* TASK REQUIREMENTS: Retyping all the entries exactly is the whole task.

RECORDS TO USE below:

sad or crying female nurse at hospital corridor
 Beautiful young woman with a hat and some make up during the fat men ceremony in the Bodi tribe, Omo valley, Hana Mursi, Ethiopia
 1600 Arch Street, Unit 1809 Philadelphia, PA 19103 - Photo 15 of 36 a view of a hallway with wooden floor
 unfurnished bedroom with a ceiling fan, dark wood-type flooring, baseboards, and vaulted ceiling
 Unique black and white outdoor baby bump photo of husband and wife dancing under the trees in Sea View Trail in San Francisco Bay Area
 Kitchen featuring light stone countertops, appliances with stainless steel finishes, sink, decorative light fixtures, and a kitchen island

End of RECORDS TO USE.

* SOLUTION TO THE EXERCISE:
sad or crying female nurse at hospital corridor
 Beautiful young woman with a hat and some make up during the fat men ceremony in the Bodi tribe, Omo valley, Hana Mursi, Ethiopia
 1600 Arch Street, Unit 1809 Philadelphia, PA 19103 - Photo 15 of 36 a view of a hallway with wooden floor
 unfurnished bedroom with a ceiling fan, dark wood-type flooring, baseboards, and vaulted ceiling
 Unique black and white outdoor baby bump photo of husband and wife dancing under the trees in Sea View Trail in San Francisco Bay Area
 Kitchen featuring light stone countertops, appliances with stainless steel finishes, sink, decorative light fixtures, and a kitchen island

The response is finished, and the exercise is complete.